# Peppers friend Lilly



## MsPepper (Mar 26, 2014)

On 17th September we had to set free our beloved English Springer Spaniel "Lilly". Lilly took her last breath at 16:55 (4:55 pm EDT). It was the hardest decision I ever had to make in my life. I know I did the right thing, but it still hurts.
She was our companion for 14 years 2 month and 3 days and Peppers friend for a little over 14 month. We got her, on her 1st Birthday, from a former co-worker of my husband. 
Lilly always accompanied us, wherever we moved to. I/we could never ever leave her or any of our other pets behind.
She left a big hole in my heart. She helped me to make it through of those many month I was alone with my kids, while my husband was deployed. 

I hope you are happy and pain free wherever you are. Hope "Tommy", "Belle", "Gateway", "Tiger", "Lumpi" and all the other animals where there to greet you.

Bye bye my dear Lilly, until we meet again. Miss you, my old girl. 

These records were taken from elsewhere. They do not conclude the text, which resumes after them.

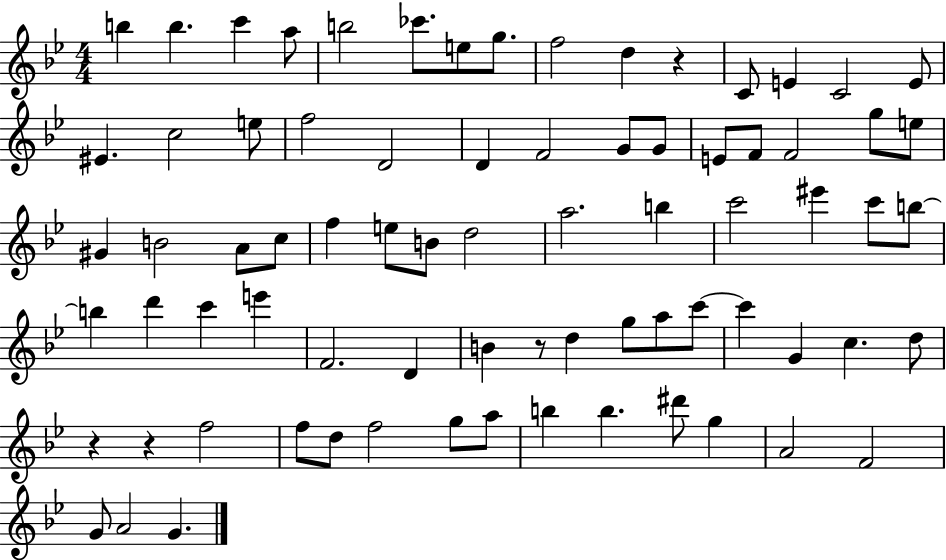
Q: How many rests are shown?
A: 4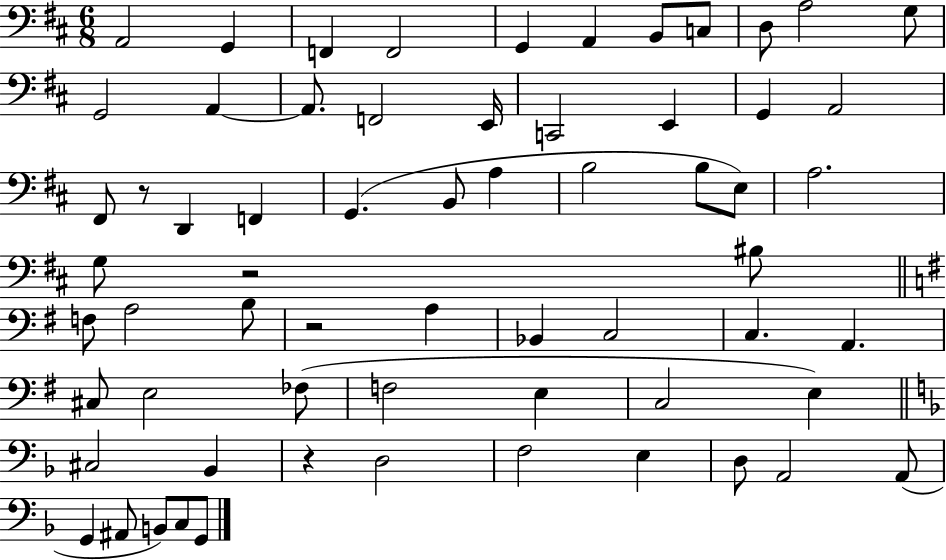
{
  \clef bass
  \numericTimeSignature
  \time 6/8
  \key d \major
  a,2 g,4 | f,4 f,2 | g,4 a,4 b,8 c8 | d8 a2 g8 | \break g,2 a,4~~ | a,8. f,2 e,16 | c,2 e,4 | g,4 a,2 | \break fis,8 r8 d,4 f,4 | g,4.( b,8 a4 | b2 b8 e8) | a2. | \break g8 r2 bis8 | \bar "||" \break \key g \major f8 a2 b8 | r2 a4 | bes,4 c2 | c4. a,4. | \break cis8 e2 fes8( | f2 e4 | c2 e4) | \bar "||" \break \key d \minor cis2 bes,4 | r4 d2 | f2 e4 | d8 a,2 a,8( | \break g,4 ais,8 b,8) c8 g,8 | \bar "|."
}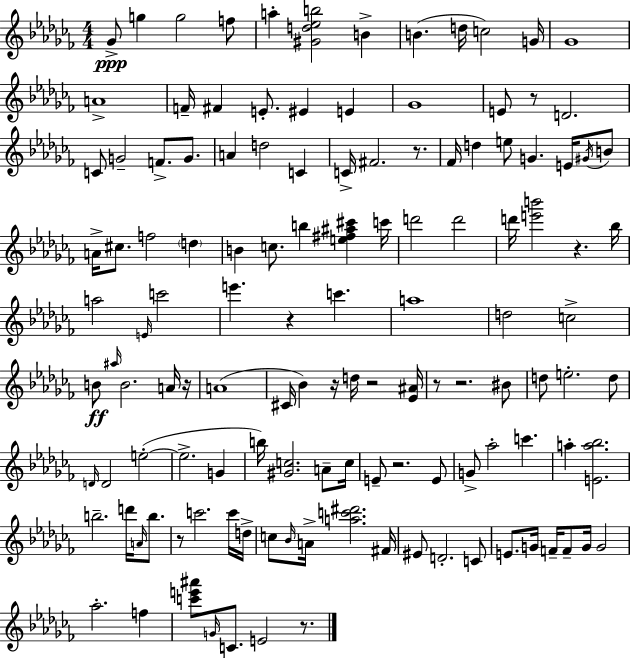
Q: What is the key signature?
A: AES minor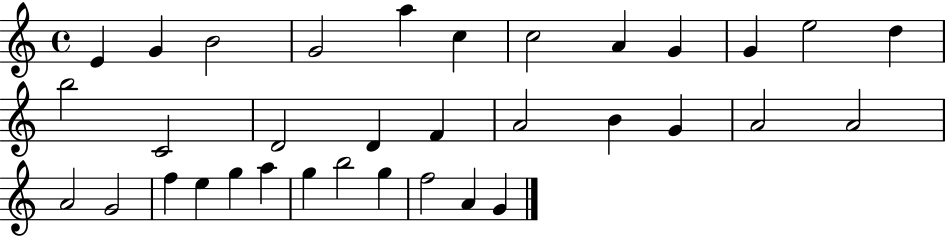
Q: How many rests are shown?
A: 0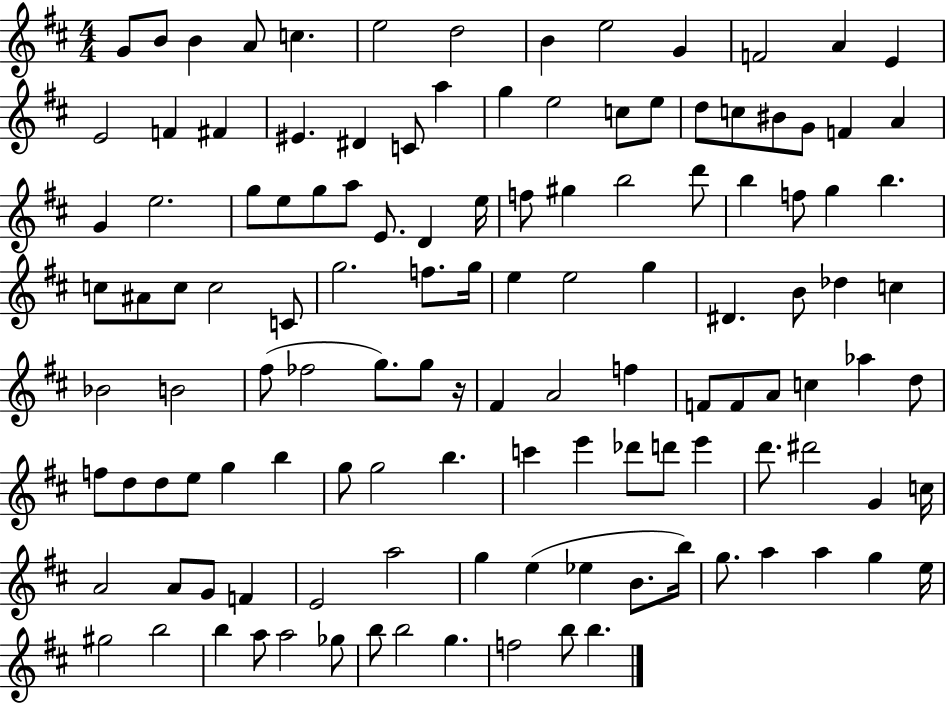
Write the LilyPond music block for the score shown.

This picture was taken last fall, while she was sleeping during the day in my oldest sons room.









Don't know when this was taken, but you can see Pepper really liked her. From the day we let Pepper, after the all clear from the vet, join out 2 dogs and us, she always sucked on Lilly's ears. She was purring and sucking (really loud, that was woken up by it many times).


----------



## cat owner again (Dec 14, 2012)

Oh Lilly is beautiful and I am sure this was very hard. I really understand. It looks like Lilly had a long life full of love. RIP Lilly.


----------



## Jetlaya67 (Sep 26, 2012)

I am sorry about your beloved Lilly. She was a beautiful doggy.


----------



## spirite (Jul 31, 2012)

I am so sorry about Lilly.  She had a long and happy life with you, and she knows how much you loved her.


----------



## marie5890 (May 18, 2011)

Oh I am so sorry for the loss of your beloved Lilly.

Lilly you are beautiful, sweet girl. Eternal petpets and nose kisses. Run free, feeling well!!!


----------



## 10cats2dogs (Jun 16, 2013)

MsPepper, 
I'm so sorry for your loss of Lily...
What a Pretty Girl...
There are people who are only "Dog" people, and people who are only "Cat" people...
I also love BOTH, each for their own unique ways of relating to us, and I happen to feel, that they are very complementary to each other.

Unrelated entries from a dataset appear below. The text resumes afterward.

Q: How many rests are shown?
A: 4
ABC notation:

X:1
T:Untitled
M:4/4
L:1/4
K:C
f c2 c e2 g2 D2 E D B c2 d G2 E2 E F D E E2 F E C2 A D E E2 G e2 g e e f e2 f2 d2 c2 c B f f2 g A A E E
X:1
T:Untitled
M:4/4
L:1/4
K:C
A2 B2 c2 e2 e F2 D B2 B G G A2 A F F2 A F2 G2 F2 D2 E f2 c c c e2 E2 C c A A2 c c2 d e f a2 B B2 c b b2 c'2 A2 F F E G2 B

When I lost a half Dobie, half Rottweiler girl, several years ago, her best little friend PussPuss, my kitty, kept looking for her...
I gave PussPuss lots & lots of extra loves and playtimes...then we adopted a kitten that the step-daughter couldn't keep and PussPuss adopted Peaches immediately. 

Give Pepper extra lovins' and play times...and don't be surprised, if she seems more subdued for a while.
Animals do form friendships with other animals and bond a lot more closely than a lot of people realize. 
(((HUGS)))
Sharon


----------



## howsefrau32 (Mar 6, 2013)

I'm so sorry for your loss. I lost my best dog ever, Buddy, who was an english springer spaniel too, he was black and white. He was 13 1/2, and we got him when he was 5 months old. We got him when my oldest daughter was 1, and they grew up together. It was the hardest thing I had to do, bringing him in the day I did. I know where you are right now, and what an awful place it is. 5 days after Buddy died, I contacted ESRA (English Springer Rescue) and had a foster springer, Casey, who helped me heal my heart. Nothing replaced him of course, but Casey helped me heal. I found the perfect owner for her, who spoiled her rotten, and made friends with her adoptive mom, we became really good friends. If you are not familiar with that rescue group, they are the best rescue group I have ever known, they are amazing! Springers are the best dogs ever. He was the absolute best dog to have around kids, he was so gentle when my 2nd daughter came along, I never had to worry about him around my or any kids, for that matter. And my cat Taffy, who looks a bit like your kitty, he used to spend hours grooming Buddy's ears. He would flip his long ear over and clean inside his ears.....it was actually kind of gross, lol, but he was obsessed with cleaning those long, stinky ears. 

I'm so sorry for the loss of your beautiful girl. She was just beautiful.


----------



## MsPepper (Mar 26, 2014)

Thank you all. 

Pepper seems to do way better than our black lab (12.5 years). Our lab Midnight is hiding under the bed and she doesn't really want to out in the back yard and if she does it is a quick on. I can tell she is missing Lilly.

@Howsefrau32, I heard of that rescue, but we don't want another pet, besides Midnight & Pepper. We will have only 2 pets from now on. Our HOA allows up to 3 pets, but we think 2 are plenty for us. ESS are great dogs and so are labs. Never heard of ESS before, until I got Lilly. She never bite anyone, she was always gentle with my kids and others. Same goes for Midnight.


----------



## yo0123yo (Apr 2, 2013)

MsPepper said:


> Thank you all.
> 
> Pepper seems to do way better than our black lab (12.5 years). Our lab Midnight is hiding under the bed and she doesn't really want to out in the back yard and if she does it is a quick on. I can tell she is missing Lilly.
> 
> @Howsefrau32, I heard of that rescue, but we don't want another pet, besides Midnight & Pepper. We will have only 2 pets from now on. Our HOA allows up to 3 pets, but we think 2 are plenty for us. ESS are great dogs and so are labs. Never heard of ESS before, until I got Lilly. She never bite anyone, she was always gentle with my kids and others. Same goes for Midnight.


I just got to see your post and oh man can I relate to how you must be feeling! We had to set my cat Chucky who was my best friend for the past 12 years free, as his diabetes worsened to ketoacidosis, he could barely lift his head up or even meow. It definitely hurt to set him free but it hurt just as much watching him struggle to survive, we had to put him out of his misery. It's been almost two months now and any time I even see his picture or think of him, I am brought to tears. But, like everything in life, it shall get easier as time goes on and those memories will bring smiles to our faces. Keeping you in our prayers.


----------



## jking (Feb 22, 2014)

I am so sorry for your loss. Sending thoughts and prayers to you.


----------



## MsPepper (Mar 26, 2014)

Thank you all. 
I received a card from the vet office today :-( 
Still waiting on the call to pick up her ashes :'(


----------